ダムといえば、巨大なコンクリートで水をせき止める人工の建造物を思い浮かべるでしょう。しかし、森はコンクリートを使わずに水を蓄え、私たちの暮らしを守る働きをしています。その働きから、森は「緑のダム」と呼ばれているのです。
雨が降ると、その雨水は地面に浸み込み、ゆっくりと川へ流れていきます。もし森がなければ、雨水は一気に地面を流れ、洪水を引き起こす可能性が高まります。一方、雨が降らないと今度は川に水が全く供給されず、水を利用することが出来なくなってしまいます。
健全な森が保たれることで、水の量が調整される。この機能こそが、森の持つ「水源涵養機能」です。
水源涵養機能の主役は「ふかふかの土壌」
では、森のどこが水を蓄えているのでしょうか? 多くの人は、木そのものが水を貯めていると考えるかもしれません。しかし、実はその主役は「森林土壌」です。
健全な森の地面は、落ち葉や朽ちた木、枯れた枝などが積み重なりスポンジのようにふかふかしています。このふかふかの層が、降った雨をたっぷりと吸収し、一時的に貯めておくのです。
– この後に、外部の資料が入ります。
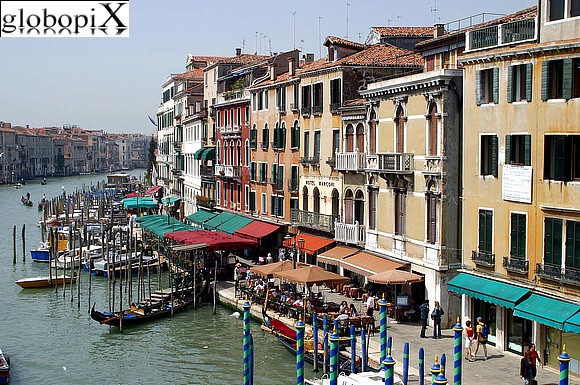 Venezia - Panorama dal Ponte di Rialto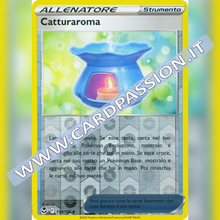 153/195 Catturaroma Reverse | Tempesta Argentata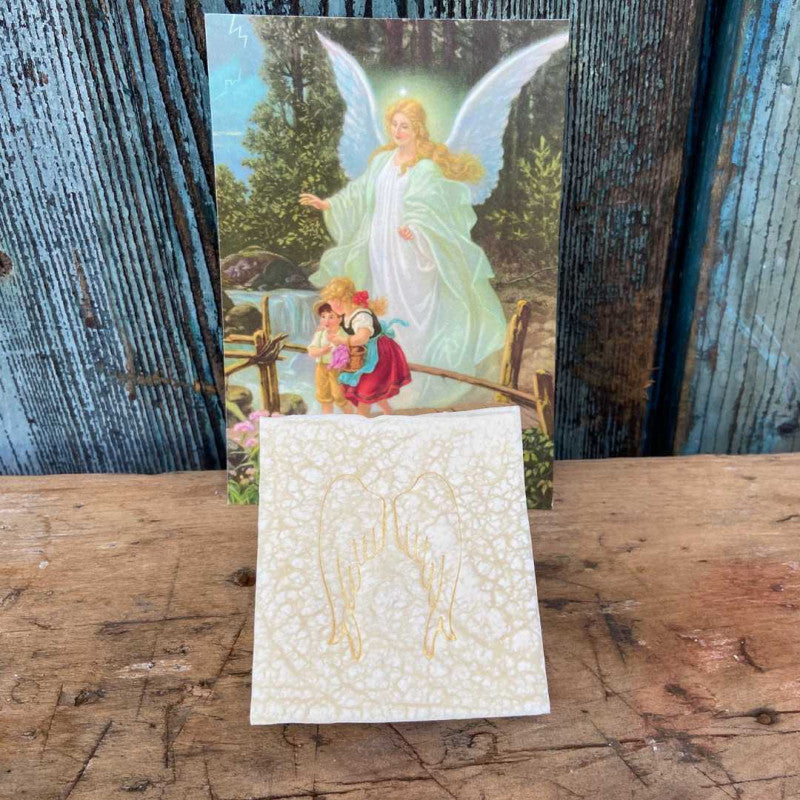 Münchner Schutzengerl - Feine Mangobutter-Seife mit Lavendel, Minze und Lemongras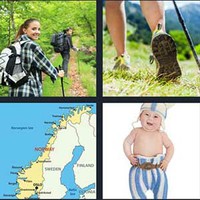 4 Pics 1 Word Levels Nordic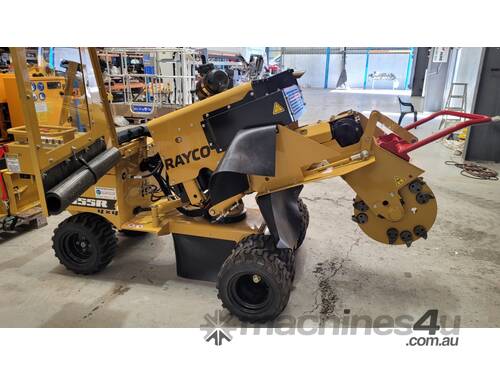 Used 2021 model Rayco RG55-R Stump Grinder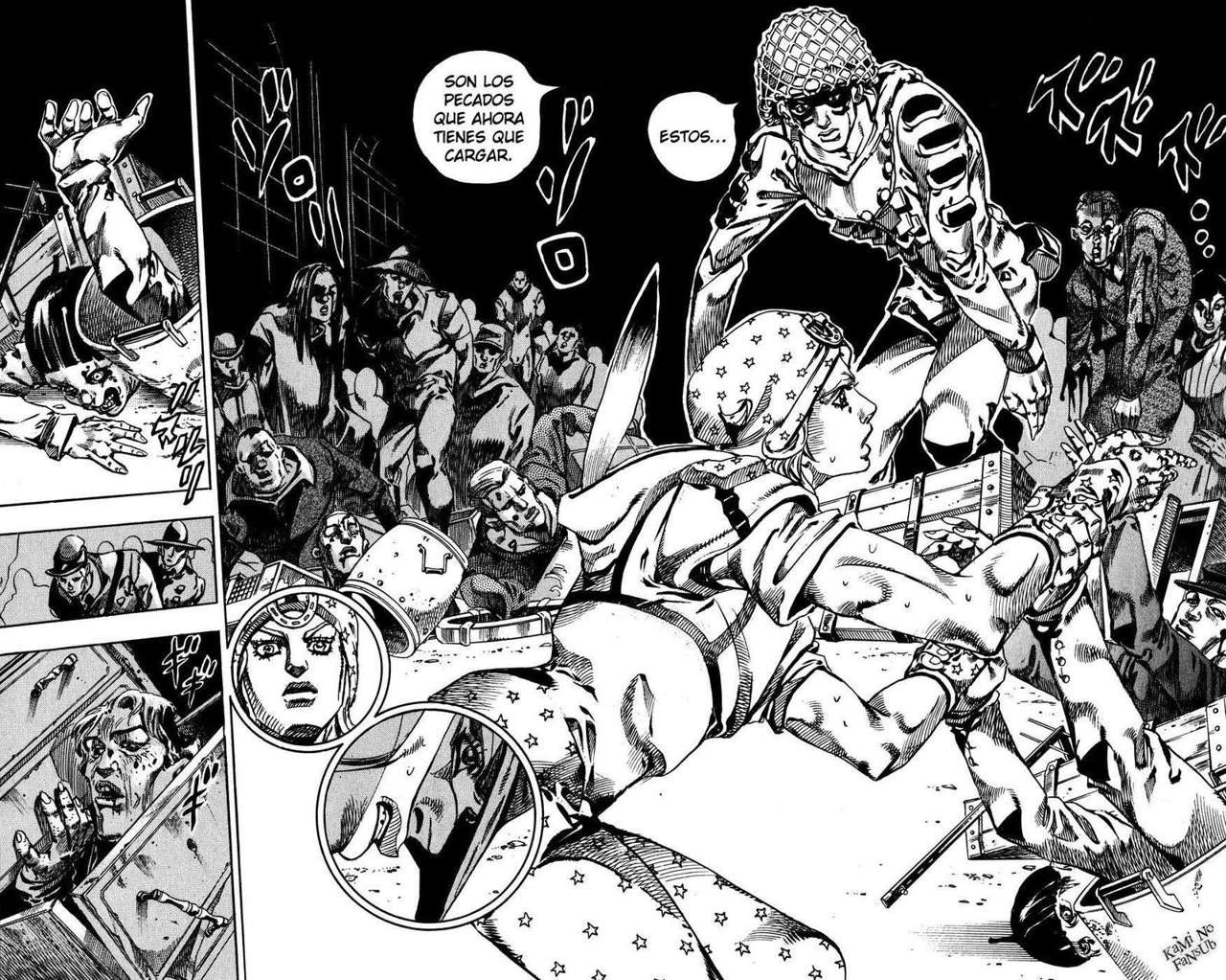 Read JoJo's Bizarre Adventure Parte 7_ Steel Ball Run (ES) Manga Online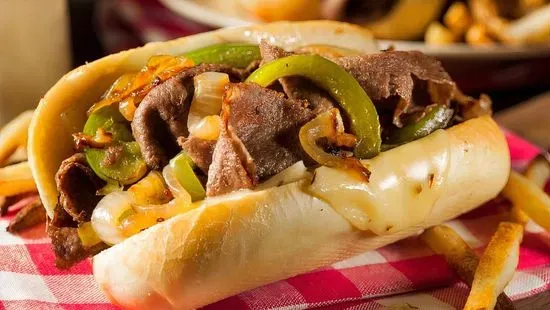 Philly Beef Sandwich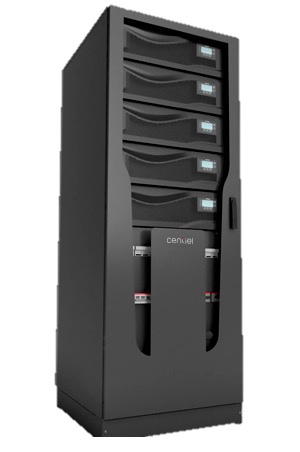 OCR Maintenance Électronique recommande les Onduleurs modulaires Centiel modulaires de 10 kW à 3,6 MW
さらに、この土壌の中では、様々な微生物が活動しています。水がこの土壌の中を通る間に、不要な物質がろ過され、水質が浄化される働きもあります。私たちが飲む清らかで美味しい水は、この天然のフィルターを通って生まれているのです。
森を守る「根」と「葉」の役割
森は土壌に水を蓄えるだけでなく、その土壌が失われないように保護する役割もあります。
根が土壌を守る
森の木々や下草(地表に生える草や低木)は、根を地中に張り巡らせています。 この根は、まるで網目のように土壌をしっかりとつかみ、大雨が降っても土が流されてしまうのを防ぎます。これにより、土砂崩れや土壌の流出といった災害を未然に防いでくれています。
葉が雨を和らげる
根だけでなく、木々の葉は、空から降る激しい雨が直接地面に当たるのを和らげる「傘」の役割を果たします。これにより、雨が土壌を削り取るのを防ぎ、土壌の流出をさらに抑制しています。
健全な森は「人の手」で守られる
森の恵みを享受するためには、その森が健全であることが不可欠です。しかし、日本の森は適切な管理がなされず、その機能が十分に発揮されない状態になっていることも少なくありません。
💡 間伐の重要性
手入れがなされずに木々が密集しすぎた森では、木々の葉が光を遮り、地面まで光が届かなくなります。すると、地表付近の下草や低木が育まれず、地面がむき出しの状態になってしまいます。これでは、前述の根による土壌を掴んで保持機能や、雨滴が持つエネルギーを緩和する機能が低下し、少しの雨でも土壌が流れやすくなってしまいます。
そこで重要となるのが「間伐」です。間伐とは、木々を間引くことで、地表に光を届け下草や低木を豊かに育てるための大切な作業です。間伐によって健全な森を維持することは、豊かな水を守るだけでなく、災害に強い森を育むことにも繋がります。

まとめ:森と共に生きる未来へ
森は、豊かな水を育み、私たちの暮らしを支えています。この恩恵を未来へ繋いでいくためには、適切な森林管理が欠かせません。私たちは日々の生活の中で、間伐材を使った製品を選んだり、森林保全活動に参加したりすることで、間伐を支援し、森を守ることに貢献できます。
未来の世代に豊かな水を届けるため、森の恵みに感謝し、木と共に生きる社会を実現しましょう。